My body is telling me to stop before I hurt myself, I can't cruise ride a race. I think I need to listen, just can't compete in 50+ category...

Anyone else hang them up at some point? Cross-country is still a go.


----------



## rockman (Jun 18, 2004)

At 56 I was the oldest rider in the Grand Targhee Enduro and 2nd oldest in the Flagstaff Enduro this year. It's still fun and I enjoy still being somewhat competitive against riders half my age but I think you already said it. When the risk-reward threshold tips in balance to all risk and no reward the party is over. 

I'm not hanging it up just yet but a crash similar to yours last April (clipped pedal resulting in broken clavicle, broken ribs, and non-displaced fractures in the glenoid and scapula) as well as the risk to my TKR has me riding more conservatively. But like you said once you press go it's hard not to ride race pace. We just don't heal that well or fast once your past 50. If it's not fun anymore and your too worried about crashing hang it up. I might go another year or two but I feel your pain.


----------



## WHALENARD (Feb 21, 2010)

Misfire


----------



## WHALENARD (Feb 21, 2010)

The first time someone calls me "bro".


----------



## Sanchofula (Dec 30, 2007)

Is it the racing “push” that makes you crash, the terrain, or are you just tired of crashing?

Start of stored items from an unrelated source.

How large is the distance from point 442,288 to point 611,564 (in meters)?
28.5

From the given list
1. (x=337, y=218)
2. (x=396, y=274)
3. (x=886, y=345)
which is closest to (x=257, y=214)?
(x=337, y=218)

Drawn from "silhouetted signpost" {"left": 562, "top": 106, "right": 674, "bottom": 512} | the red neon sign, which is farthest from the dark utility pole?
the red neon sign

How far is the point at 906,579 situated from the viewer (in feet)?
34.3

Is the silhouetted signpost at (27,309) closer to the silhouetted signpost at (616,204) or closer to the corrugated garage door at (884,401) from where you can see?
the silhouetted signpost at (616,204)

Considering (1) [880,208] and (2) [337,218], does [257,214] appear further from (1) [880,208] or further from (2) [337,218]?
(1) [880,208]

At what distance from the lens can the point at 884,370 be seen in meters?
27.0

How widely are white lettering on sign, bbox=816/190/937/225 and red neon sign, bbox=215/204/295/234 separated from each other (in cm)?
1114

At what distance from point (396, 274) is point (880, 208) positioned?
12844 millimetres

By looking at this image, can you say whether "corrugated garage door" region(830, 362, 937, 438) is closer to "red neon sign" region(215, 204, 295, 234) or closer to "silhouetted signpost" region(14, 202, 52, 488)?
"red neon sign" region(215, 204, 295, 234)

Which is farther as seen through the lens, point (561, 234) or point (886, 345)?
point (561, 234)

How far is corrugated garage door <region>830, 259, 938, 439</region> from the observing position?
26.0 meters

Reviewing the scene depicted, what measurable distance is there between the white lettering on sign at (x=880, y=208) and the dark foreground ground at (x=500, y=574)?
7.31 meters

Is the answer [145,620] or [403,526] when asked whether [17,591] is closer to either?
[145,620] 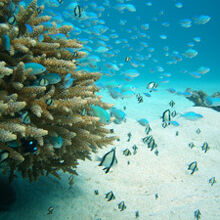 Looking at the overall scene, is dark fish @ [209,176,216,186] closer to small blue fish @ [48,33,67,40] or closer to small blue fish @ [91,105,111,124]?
small blue fish @ [91,105,111,124]

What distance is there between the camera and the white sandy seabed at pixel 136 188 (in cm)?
317

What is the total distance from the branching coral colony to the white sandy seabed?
566 mm

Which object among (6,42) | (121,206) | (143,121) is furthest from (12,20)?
(143,121)

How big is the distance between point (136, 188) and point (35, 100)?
3586 mm

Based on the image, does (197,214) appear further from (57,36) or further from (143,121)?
(57,36)

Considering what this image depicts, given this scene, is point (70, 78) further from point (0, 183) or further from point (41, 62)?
point (0, 183)

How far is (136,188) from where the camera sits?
483 cm

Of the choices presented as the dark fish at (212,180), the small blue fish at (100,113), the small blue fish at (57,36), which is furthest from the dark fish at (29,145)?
the dark fish at (212,180)

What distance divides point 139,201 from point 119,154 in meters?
1.93

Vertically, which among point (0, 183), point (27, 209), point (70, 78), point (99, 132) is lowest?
point (27, 209)

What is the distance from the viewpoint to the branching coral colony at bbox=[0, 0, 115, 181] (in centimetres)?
215

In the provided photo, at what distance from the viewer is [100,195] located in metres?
3.98

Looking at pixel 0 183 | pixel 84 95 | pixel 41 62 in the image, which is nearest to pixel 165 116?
pixel 84 95

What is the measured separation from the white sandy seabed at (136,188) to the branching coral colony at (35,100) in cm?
57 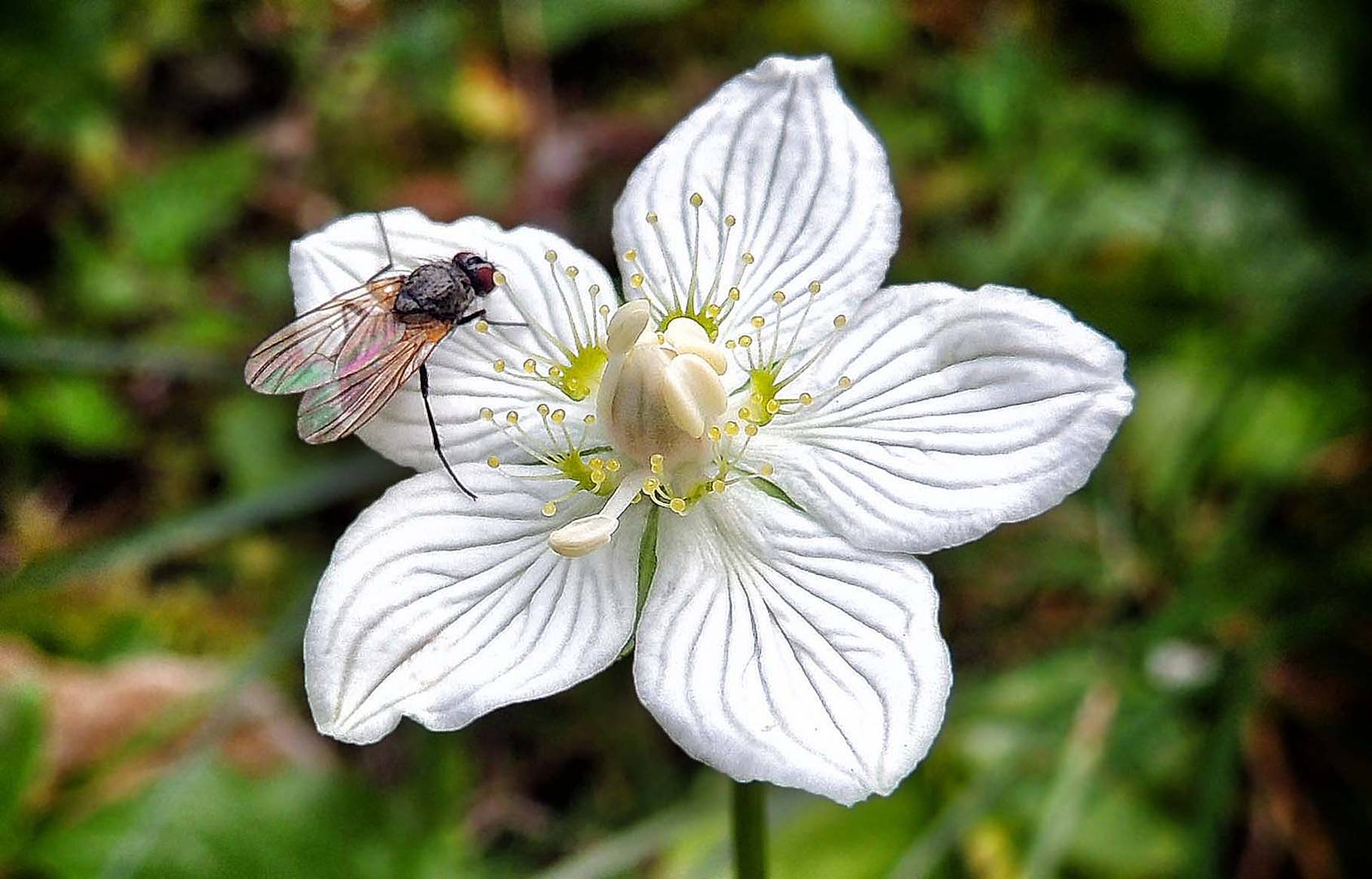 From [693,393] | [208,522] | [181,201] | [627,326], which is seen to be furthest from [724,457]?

I don’t race, but I ride tough terrain and I crash hard and often; this summer broke a rib, fibia, finger, stitches, and smashed knees. I don’t mind riding up XC trails, but coming down is when I want the good stuff.

I figure that at some point I’ll step it down, not sure how I’ll do it, maybe buy a less capable bike; clearly I’m not good at slowing down or taking the easy lines.

How about narrower bars


----------



## RustyIron (Apr 14, 2008)

russinthecascades said:


> My body is telling me to stop before I hurt myself, I can't cruise ride a race. I think I need to listen, just can't compete in 50+ category...
> 
> Anyone else hang them up at some point? Cross-country is still a go.


Meh. Never cared about organized racing.

I'd have to ride WHERE someone else dictated.
I'd have to ride WHEN someone else dictated. 
I'd have to ride at a PACE that others dictated.

Oh, and they make you PAY for the privilege.

You're 66 years old. You can ride where you want, when you want, as fast as you want.


----------



## rockman (Jun 18, 2004)

RustyIron said:


> Meh. Never cared about organized racing.
> 
> I'd have to ride WHERE someone else dictated.
> I'd have to ride WHEN someone else dictated.
> ...


I'd beg to differ on #3 in your list. The PACE is up to you. As far as paying for the privilege, most races are not for profit and the proceeds go to charity or to support trail advocacy organizations.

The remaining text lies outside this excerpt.